Technically, LongCat Avatar separates the roles of audio and motion using a disentangled guidance mechanism. Cross-Chunk Latent Stitching reduces visual drift by avoiding redundant decode-encode cycles over long timelines. Reference Skip Attention preserves character identity without rigid cloning. A coarse-to-fine strategy combined with Block Sparse Attention enables practical, production-ready inference at 720p/30fps, with support for higher output resolutions up to 1080p.

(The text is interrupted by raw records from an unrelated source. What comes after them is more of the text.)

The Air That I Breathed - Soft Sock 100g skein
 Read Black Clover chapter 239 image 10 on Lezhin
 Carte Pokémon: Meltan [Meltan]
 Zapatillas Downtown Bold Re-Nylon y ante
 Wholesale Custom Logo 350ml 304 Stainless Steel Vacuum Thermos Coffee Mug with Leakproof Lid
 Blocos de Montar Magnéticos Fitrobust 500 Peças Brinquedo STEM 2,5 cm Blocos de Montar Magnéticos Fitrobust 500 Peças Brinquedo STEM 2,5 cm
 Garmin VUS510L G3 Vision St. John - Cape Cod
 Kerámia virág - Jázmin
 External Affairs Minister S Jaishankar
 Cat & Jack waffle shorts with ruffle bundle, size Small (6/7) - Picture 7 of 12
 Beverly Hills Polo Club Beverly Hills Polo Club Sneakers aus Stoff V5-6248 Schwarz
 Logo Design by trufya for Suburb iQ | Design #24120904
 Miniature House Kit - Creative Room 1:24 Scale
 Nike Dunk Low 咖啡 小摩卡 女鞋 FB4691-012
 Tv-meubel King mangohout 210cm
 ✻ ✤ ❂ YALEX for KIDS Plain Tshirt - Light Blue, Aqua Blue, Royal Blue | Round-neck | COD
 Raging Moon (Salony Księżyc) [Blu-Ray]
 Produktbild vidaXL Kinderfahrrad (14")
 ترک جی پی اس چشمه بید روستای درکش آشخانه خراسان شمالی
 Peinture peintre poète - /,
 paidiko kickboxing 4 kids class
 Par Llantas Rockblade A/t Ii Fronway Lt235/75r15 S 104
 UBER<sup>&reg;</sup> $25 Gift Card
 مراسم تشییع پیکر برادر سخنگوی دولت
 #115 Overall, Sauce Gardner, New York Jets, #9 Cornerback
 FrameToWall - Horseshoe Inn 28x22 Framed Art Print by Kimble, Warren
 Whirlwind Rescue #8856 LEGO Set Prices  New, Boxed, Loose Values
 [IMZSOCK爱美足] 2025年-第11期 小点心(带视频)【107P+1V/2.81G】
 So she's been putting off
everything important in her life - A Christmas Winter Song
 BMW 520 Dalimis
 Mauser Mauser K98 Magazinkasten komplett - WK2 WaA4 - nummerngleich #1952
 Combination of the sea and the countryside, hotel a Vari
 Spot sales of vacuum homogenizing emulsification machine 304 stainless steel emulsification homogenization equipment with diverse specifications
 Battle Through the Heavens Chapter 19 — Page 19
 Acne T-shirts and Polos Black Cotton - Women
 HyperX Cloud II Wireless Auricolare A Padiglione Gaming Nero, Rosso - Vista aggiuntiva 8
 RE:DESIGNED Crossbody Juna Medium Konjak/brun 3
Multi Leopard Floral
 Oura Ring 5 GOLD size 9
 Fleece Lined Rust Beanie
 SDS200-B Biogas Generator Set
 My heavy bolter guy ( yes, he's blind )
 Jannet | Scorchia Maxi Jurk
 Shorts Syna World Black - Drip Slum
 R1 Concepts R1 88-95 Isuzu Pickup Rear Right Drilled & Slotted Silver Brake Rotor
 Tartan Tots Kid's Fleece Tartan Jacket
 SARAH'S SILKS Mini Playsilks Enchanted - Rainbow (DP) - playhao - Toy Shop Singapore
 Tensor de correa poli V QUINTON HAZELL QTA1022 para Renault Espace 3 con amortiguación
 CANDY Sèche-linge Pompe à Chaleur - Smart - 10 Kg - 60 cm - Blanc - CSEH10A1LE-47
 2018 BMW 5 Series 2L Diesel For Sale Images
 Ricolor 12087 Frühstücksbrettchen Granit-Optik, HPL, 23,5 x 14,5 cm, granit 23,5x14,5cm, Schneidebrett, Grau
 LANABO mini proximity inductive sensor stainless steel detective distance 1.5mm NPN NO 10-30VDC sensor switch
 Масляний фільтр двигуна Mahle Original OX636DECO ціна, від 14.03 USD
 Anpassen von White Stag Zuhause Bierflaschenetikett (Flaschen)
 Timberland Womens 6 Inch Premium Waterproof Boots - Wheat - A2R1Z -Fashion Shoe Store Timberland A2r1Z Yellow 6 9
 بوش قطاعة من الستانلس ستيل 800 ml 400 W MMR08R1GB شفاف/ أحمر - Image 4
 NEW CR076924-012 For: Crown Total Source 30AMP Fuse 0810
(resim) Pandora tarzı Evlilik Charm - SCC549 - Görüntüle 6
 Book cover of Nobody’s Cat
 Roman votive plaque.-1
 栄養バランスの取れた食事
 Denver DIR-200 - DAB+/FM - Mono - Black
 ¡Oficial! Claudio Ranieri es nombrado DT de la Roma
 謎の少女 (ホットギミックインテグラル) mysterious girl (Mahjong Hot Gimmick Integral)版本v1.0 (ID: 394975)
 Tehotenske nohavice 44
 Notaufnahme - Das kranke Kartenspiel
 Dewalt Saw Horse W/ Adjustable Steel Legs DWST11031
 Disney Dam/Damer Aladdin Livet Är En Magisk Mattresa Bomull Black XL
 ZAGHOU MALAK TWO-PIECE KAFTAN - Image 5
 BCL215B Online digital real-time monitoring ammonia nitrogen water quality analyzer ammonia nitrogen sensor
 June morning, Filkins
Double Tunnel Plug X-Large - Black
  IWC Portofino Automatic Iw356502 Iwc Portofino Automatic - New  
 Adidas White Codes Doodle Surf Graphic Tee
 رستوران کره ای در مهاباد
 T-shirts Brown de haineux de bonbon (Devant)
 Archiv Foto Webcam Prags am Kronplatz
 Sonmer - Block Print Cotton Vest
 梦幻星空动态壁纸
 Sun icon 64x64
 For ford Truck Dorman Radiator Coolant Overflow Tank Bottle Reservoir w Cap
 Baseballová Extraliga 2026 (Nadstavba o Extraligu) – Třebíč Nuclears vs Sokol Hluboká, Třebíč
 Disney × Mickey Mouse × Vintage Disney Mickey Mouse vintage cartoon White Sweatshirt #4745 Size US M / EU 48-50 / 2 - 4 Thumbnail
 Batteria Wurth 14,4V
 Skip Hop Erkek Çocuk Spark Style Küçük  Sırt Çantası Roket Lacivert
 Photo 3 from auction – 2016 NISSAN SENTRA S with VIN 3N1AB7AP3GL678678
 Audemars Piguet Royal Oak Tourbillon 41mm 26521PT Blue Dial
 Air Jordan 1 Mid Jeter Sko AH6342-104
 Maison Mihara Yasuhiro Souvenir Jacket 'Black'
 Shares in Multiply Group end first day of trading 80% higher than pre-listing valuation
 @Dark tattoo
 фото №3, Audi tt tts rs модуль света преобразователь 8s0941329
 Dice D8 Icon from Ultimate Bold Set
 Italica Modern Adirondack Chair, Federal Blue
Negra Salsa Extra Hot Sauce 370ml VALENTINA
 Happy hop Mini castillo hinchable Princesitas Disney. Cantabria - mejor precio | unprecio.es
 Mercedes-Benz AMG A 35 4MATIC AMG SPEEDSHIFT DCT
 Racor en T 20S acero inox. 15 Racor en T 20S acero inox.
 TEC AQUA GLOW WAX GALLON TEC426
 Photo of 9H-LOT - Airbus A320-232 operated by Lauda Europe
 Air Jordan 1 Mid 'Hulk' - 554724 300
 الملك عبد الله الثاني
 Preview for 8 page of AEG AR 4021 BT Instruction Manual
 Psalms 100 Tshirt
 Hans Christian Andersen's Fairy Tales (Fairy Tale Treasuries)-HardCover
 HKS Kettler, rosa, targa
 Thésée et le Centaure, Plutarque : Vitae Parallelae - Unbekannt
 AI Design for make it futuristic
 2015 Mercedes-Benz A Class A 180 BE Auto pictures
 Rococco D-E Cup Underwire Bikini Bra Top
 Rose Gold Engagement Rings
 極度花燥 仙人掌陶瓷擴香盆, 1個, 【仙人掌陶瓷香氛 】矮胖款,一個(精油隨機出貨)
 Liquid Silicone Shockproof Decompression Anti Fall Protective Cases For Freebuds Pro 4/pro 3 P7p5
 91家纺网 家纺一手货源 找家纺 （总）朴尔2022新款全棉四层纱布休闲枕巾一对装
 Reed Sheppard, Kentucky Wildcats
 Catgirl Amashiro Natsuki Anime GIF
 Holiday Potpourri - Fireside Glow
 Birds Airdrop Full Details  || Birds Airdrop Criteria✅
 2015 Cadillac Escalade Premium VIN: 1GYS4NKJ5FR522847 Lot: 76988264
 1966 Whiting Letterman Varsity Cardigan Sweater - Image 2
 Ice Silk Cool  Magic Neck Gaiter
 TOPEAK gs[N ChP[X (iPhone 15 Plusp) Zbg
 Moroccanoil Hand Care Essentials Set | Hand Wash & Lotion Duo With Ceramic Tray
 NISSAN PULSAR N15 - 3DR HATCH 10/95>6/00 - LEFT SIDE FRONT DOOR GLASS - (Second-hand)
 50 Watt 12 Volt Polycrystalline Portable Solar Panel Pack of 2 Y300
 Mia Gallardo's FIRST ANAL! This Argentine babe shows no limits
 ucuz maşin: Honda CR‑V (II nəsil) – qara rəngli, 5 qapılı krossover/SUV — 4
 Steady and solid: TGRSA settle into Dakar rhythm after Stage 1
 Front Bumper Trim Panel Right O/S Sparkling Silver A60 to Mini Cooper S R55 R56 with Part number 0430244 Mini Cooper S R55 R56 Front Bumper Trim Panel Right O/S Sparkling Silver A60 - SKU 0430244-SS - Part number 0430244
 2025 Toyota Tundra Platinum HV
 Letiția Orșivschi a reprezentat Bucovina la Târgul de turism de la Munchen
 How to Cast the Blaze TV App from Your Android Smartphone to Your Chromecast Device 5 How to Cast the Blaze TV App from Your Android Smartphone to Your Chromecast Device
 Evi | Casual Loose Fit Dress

| Plan | Price | Credits | Approx. Videos | Resolution | Audio Duration (per gen) | Multi-Person | Priority | Notes |
|---|---|---|---|---|---|---|---|---|
| Base | $9.9 | 90 | Up to 18 | 480p/720p/1080p | Up to 60s | Not listed | Standard | Audio-driven avatar generation |
| Pro | $29.9 | 400 | Up to 80 | 480p/720p/1080p | Up to 60s | Yes | Priority | Designed for multi-person support |
| Ultimate | $49.9 | 800 | Up to 160 | 480p/720p/1080p | Up to 60s | Yes (interactions) | Priority | Listed as supporting long-form video generation |
| Creator | $99.9 | 1800 | Up to 360 | 480p/720p/1080p | Up to 60s | Yes | Highest | Listed as “multi-person & infinite-length support,” production-ready architecture, commercial license |
Notes: The model is optimized for long-duration content and theoretically supports infinite-length sequences. Pricing tiers list a 60-second audio duration per generation for credit-based usage, which may reflect service-level constraints rather than model capability.